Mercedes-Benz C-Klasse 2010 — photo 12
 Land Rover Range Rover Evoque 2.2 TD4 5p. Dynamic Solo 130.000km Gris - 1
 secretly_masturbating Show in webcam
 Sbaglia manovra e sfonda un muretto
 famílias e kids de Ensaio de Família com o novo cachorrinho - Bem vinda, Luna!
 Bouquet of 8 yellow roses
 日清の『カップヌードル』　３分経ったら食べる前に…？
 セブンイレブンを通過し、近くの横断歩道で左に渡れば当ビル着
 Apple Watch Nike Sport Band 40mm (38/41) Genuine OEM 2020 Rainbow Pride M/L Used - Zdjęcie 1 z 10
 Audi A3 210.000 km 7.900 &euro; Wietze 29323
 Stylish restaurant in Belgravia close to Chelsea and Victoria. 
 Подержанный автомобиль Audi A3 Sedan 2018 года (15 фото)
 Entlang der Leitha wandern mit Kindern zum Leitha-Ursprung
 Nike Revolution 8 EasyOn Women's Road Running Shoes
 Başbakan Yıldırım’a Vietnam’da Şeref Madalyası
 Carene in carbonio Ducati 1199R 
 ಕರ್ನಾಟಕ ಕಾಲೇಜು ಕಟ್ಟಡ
_ _ _ _ _ _ _
**Problem details**
Copy back the listing above exactly, but only from the line with "famílias e kids" through the line with "セブンイレブンを通過し、近くの横断歩道で左に渡れば当ビル着", both ends included.

**Answer space**
 famílias e kids de Ensaio de Família com o novo cachorrinho - Bem vinda, Luna!
 Bouquet of 8 yellow roses
 日清の『カップヌードル』　３分経ったら食べる前に…？
 セブンイレブンを通過し、近くの横断歩道で左に渡れば当ビル着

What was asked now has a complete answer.